Captioned web images
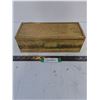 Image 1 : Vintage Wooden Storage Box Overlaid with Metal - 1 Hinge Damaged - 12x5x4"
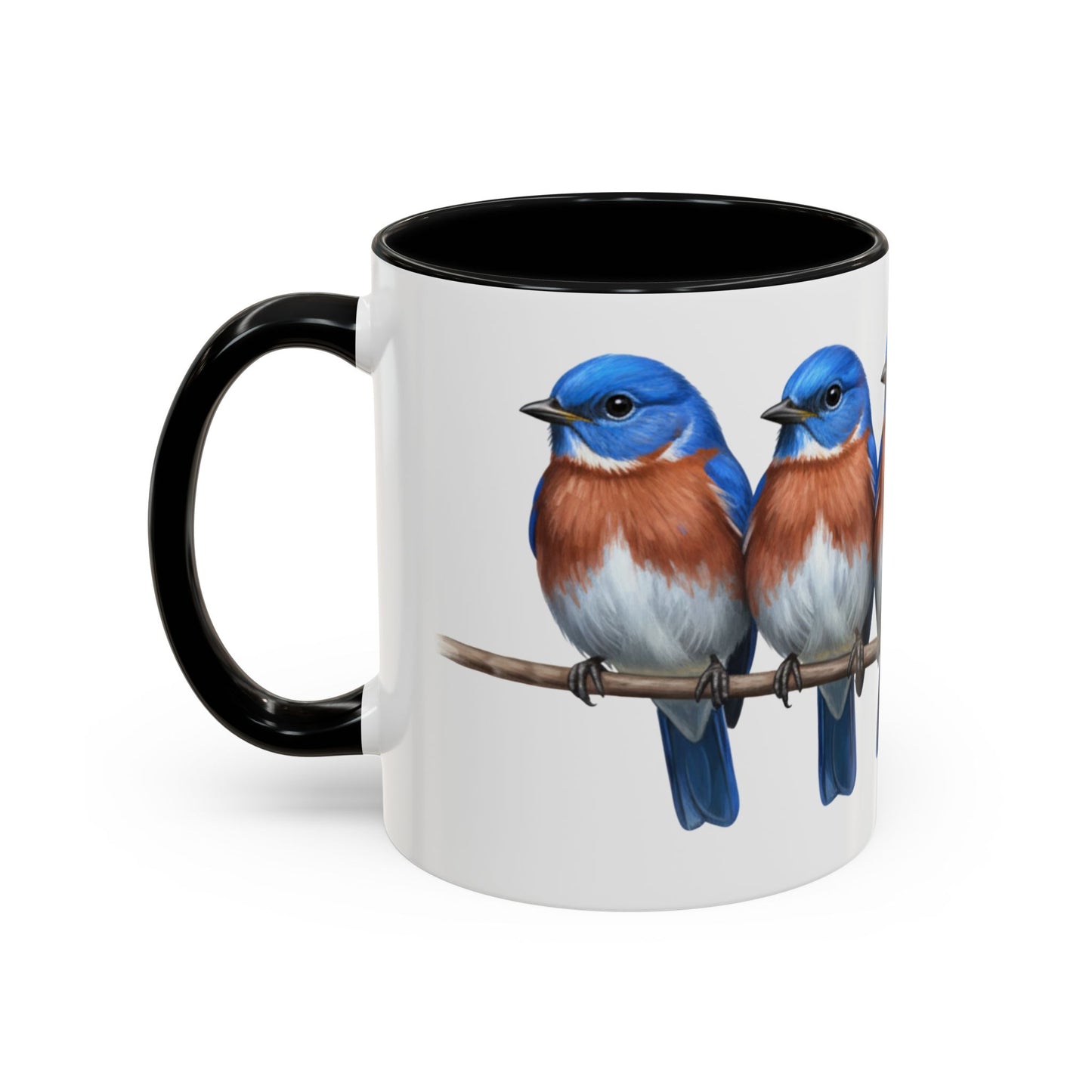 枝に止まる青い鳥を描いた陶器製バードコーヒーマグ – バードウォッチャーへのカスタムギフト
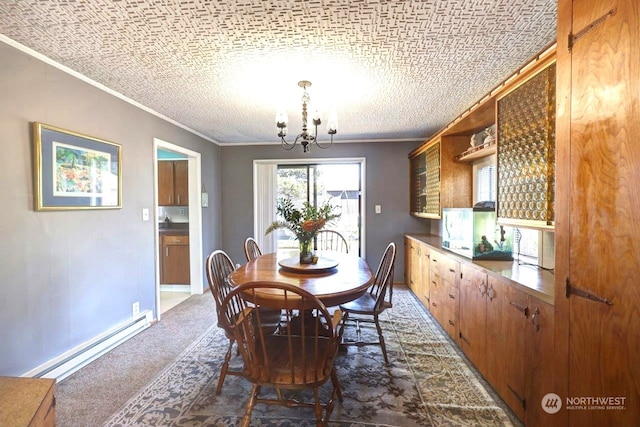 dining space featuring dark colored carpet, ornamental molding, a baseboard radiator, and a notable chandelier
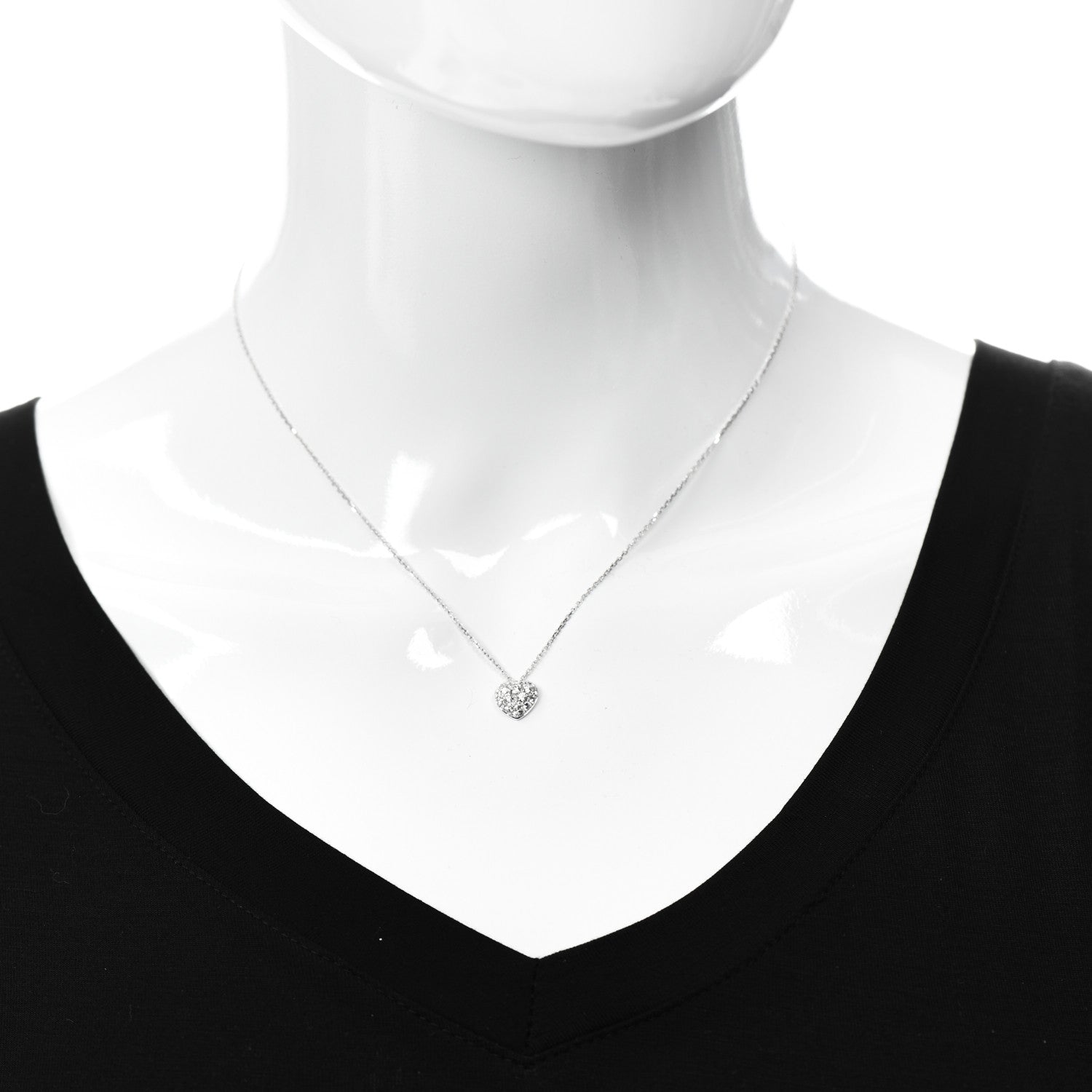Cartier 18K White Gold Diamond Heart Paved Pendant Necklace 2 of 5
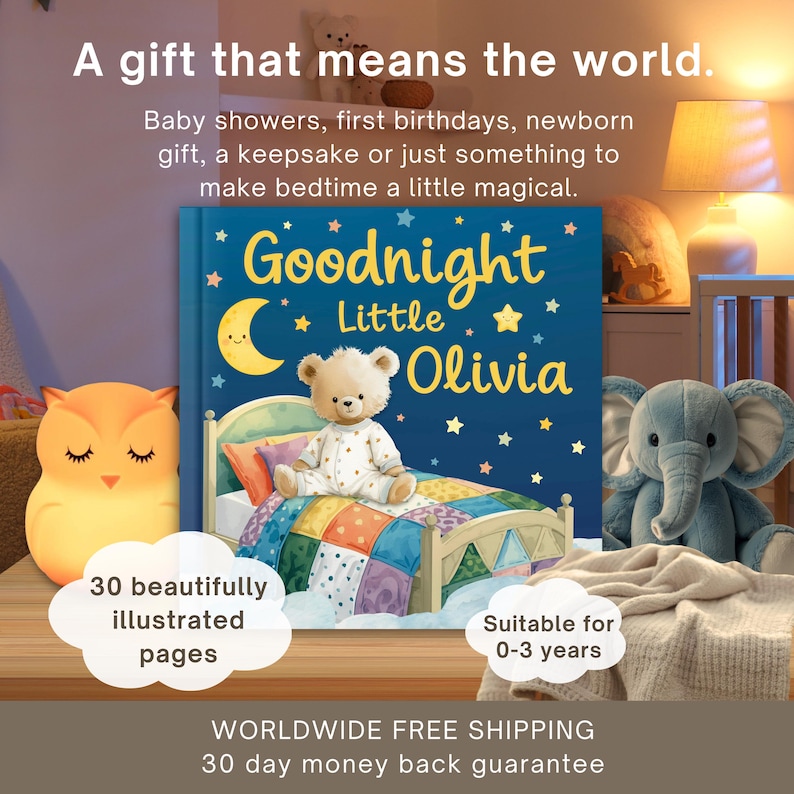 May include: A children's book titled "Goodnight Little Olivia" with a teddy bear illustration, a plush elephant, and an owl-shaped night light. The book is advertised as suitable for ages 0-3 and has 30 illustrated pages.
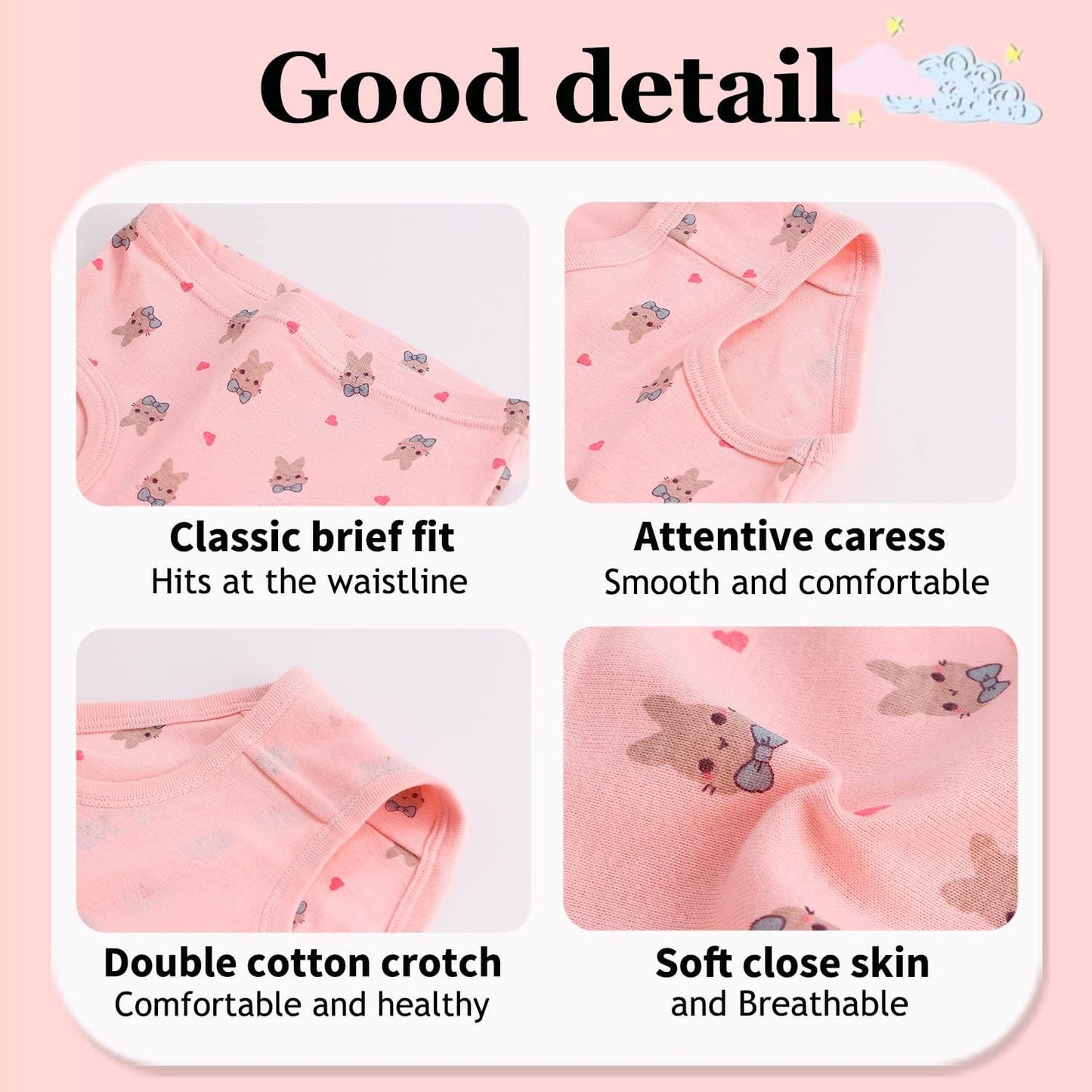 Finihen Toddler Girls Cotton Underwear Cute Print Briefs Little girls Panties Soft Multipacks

ACTIVITY: No pictures should appear in the copy. Reproduce exactly the lines from the line containing "dining space featuring" through the last line of the data, inclusive.

RESULT FOR THIS TASK:
 dining space featuring dark colored carpet, ornamental molding, a baseboard radiator, and a notable chandelier
Cartier 18K White Gold Diamond Heart Paved Pendant Necklace 2 of 5
 May include: A children's book titled "Goodnight Little Olivia" with a teddy bear illustration, a plush elephant, and an owl-shaped night light. The book is advertised as suitable for ages 0-3 and has 30 illustrated pages.
 Finihen Toddler Girls Cotton Underwear Cute Print Briefs Little girls Panties Soft Multipacks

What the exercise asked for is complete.